Literally millions didn’t make it…
It’s never anything less than a total joy to hear from a member of the Interestment family, and today it’s the turn of our North Korea correspondent Richard, who has been talking to the people. He had this to say…
Ever since the death of our Great Leader and Eternal President Kim Il-Sung, who gloriously invented the Democratic Republic of Korea and fathered all our glorious citizens, there has been a gap in the top four places of our revered ranking system. But who could fill this void? We thought long and hard about this – over some rice of differing lengths that had been previously rejected by our dear leader – before being stopped by the KPA, beaten heavily, and having our shortest children disappeared.
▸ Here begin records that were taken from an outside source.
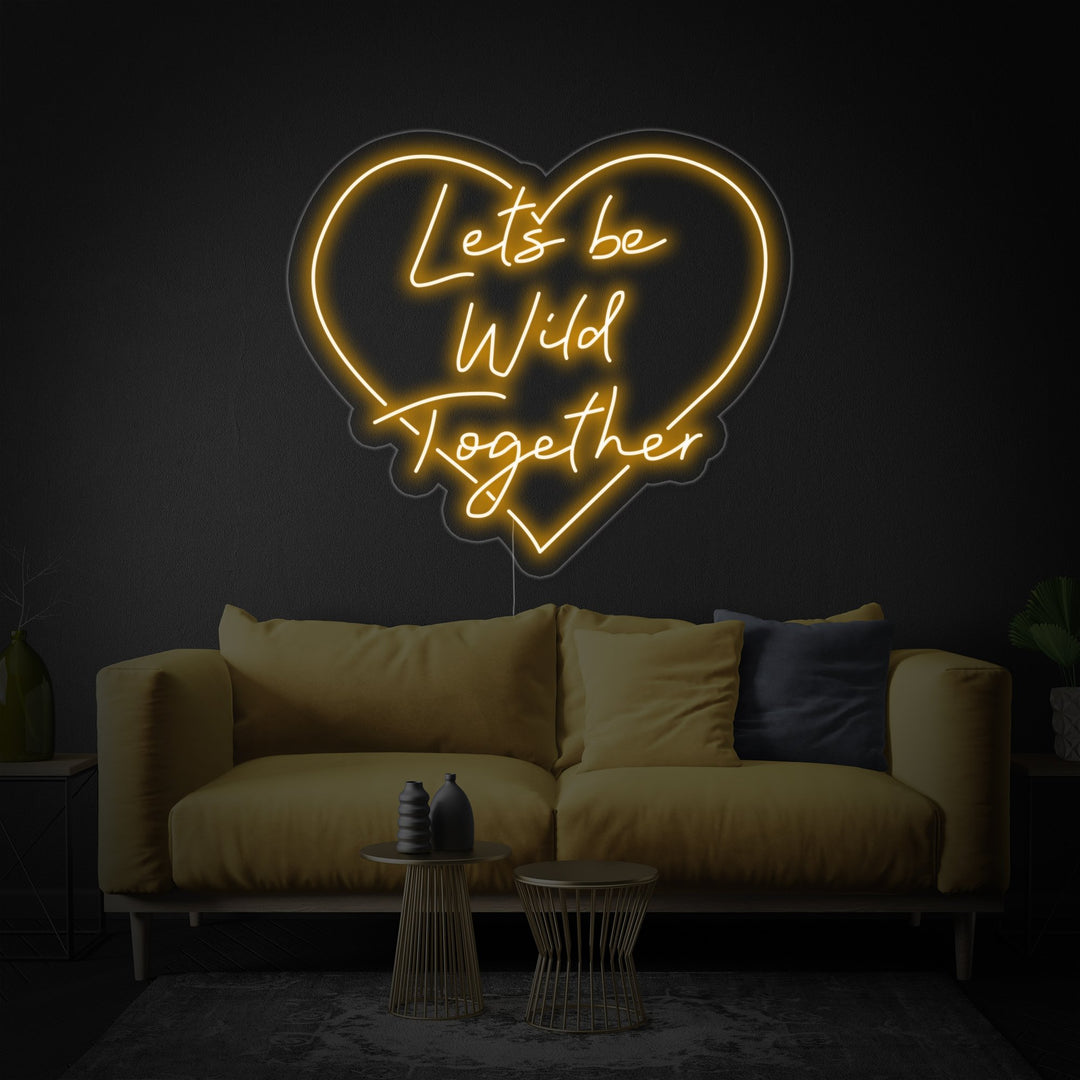 "Lets Be Wild Together Wedding" Neon Sign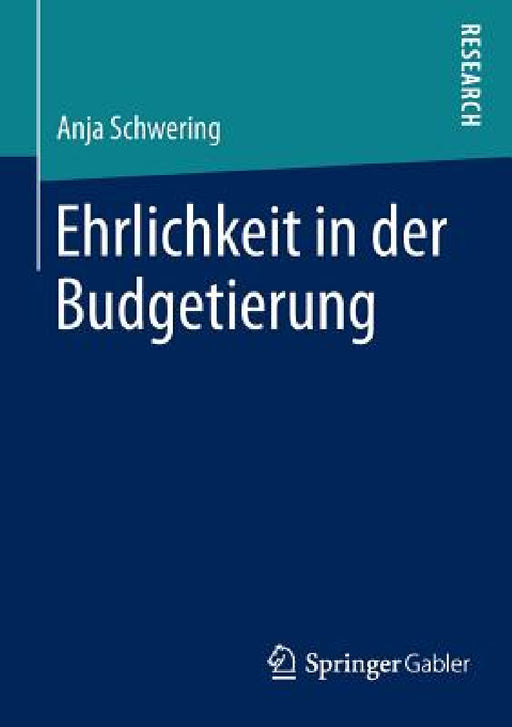 Ehrlichkeit in Der Budgetierung by Anja Schwering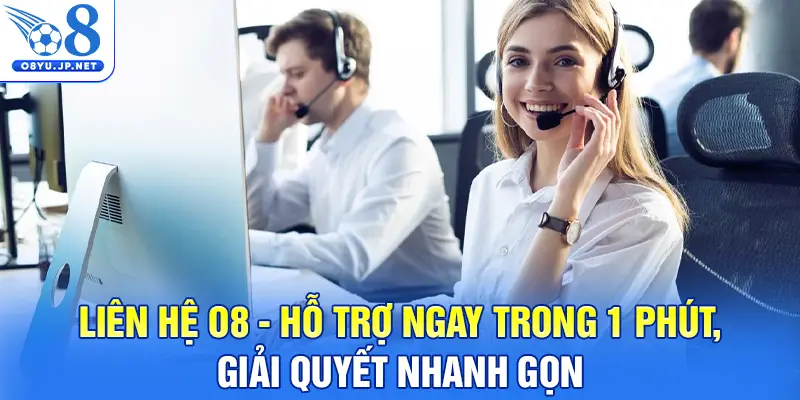 Liên Hệ O8 - Hỗ Trợ Ngay Trong 1 Phút, Giải Quyết Nhanh Gọn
We eventually arrived at this fair and just list (that was gloriously dictated to us).
1. Kim Jong-Il
Contrary to reports, our Dear Leader was not born in Siberia, but on the Baekdu mountain, the tallest and bestest mountain in the World. The birth was foretold by a swallow, who presumably saw Kim Jong-Il’s heavily pregnant mother and put two and two together. The Birth was then marked by The Sky, who kindly threw up two rainbows in celebration, and The Universe, who spat out another Star (the brightest of them all). Both were subsequently named as Godparents – or Juche-parents, to be more precise.
2. Kim Jong-Il
Our Dear Leader takes the second place in this list for being an excellent golfer, the best the World has ever seen. Sadly the World at large has never seen the Dear Leader play golf, for its brilliance would blind them all and stuff. It has been widely, factually, reported that he hit eleven holes-in-one in his first ever game, but a less well known fact is that he achieved this feat by hitting the ball just once. Left handed. With a spatula.
3. Kim Jong-Il
Our Dear Leader is also an internet expert. This means he invented the @ symbol, as well as laying down the prototype for all forms of social networking, being the first person to Digg things, and developing the BBC website when directly approached by the BBC. He also invented Chuck Norris Facts, and contributed the funniest ones.
4. Kim Jong-Il
Fourth place on this glorious list goes to our Dear Leader, who – when not golfing, drinking cognac, inventing things, producing films, breeding giant rabbits, injecting himself with virgin blood, writing hugely successful operas (like Die Fledermaus), or alphabetically categorising his collection of 20 million DVDs, spends his time kidding the World that he’s actually still alive!